**ASSIGNMENT:**
Give the whole listing below once more, exactly, without pictures.

**STORED DATA:**
========================================================================

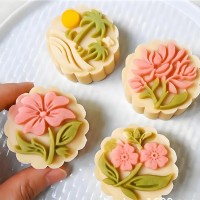 Ensemble Presse-moule à Gâteau de lune - Fleurs exotiques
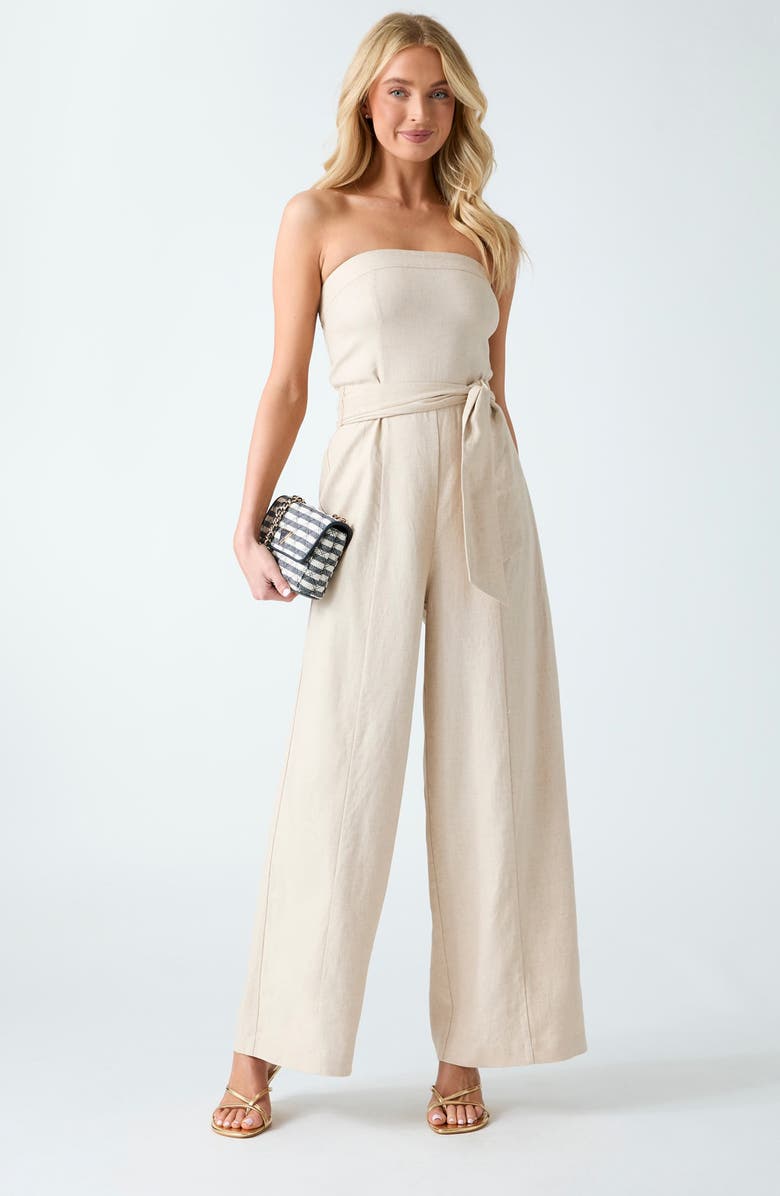 GUESS Jackie Strapless Linen Blend Jumpsuit, Alternate, color, Beige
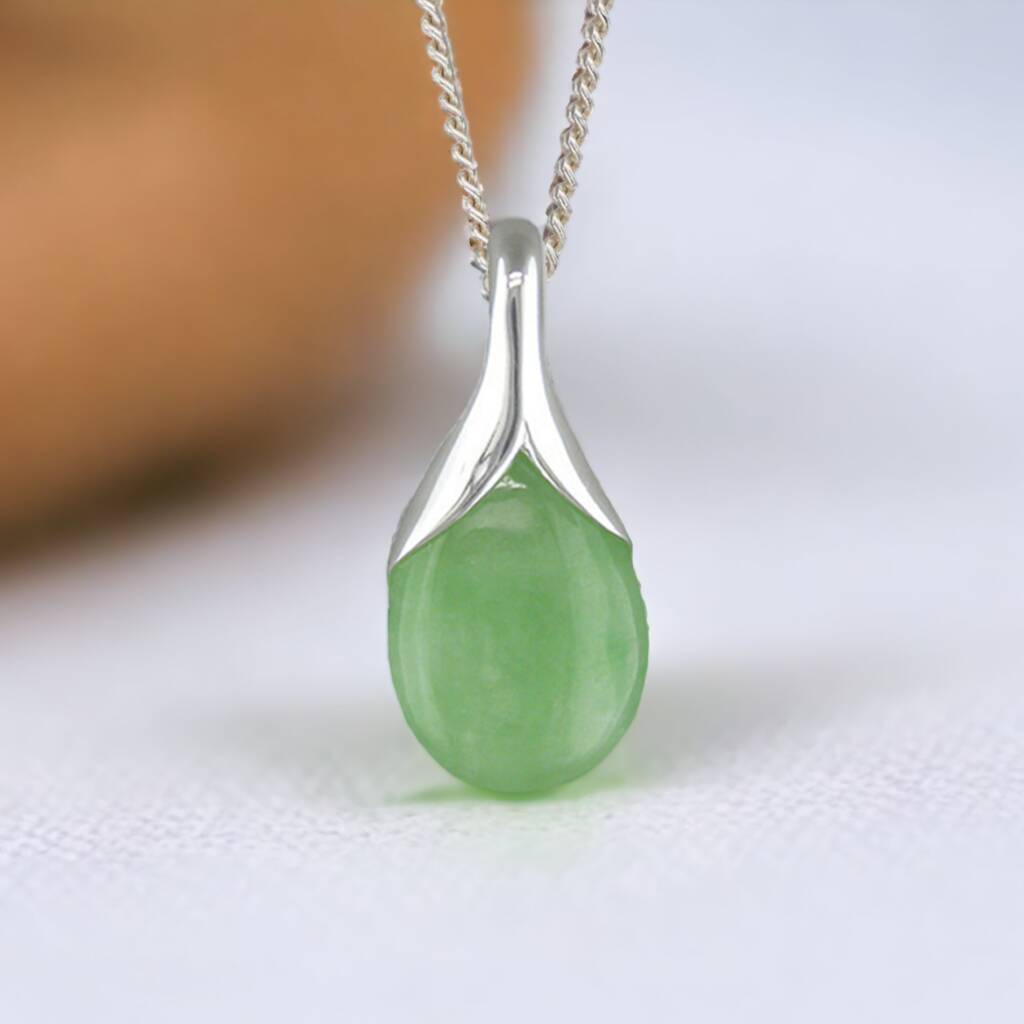Jade Teardrop Necklace In Sterling Silver, 1 of 12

========================================================================

**WRITTEN RESPONSE:**
 Ensemble Presse-moule à Gâteau de lune - Fleurs exotiques
 GUESS Jackie Strapless Linen Blend Jumpsuit, Alternate, color, Beige
Jade Teardrop Necklace In Sterling Silver, 1 of 12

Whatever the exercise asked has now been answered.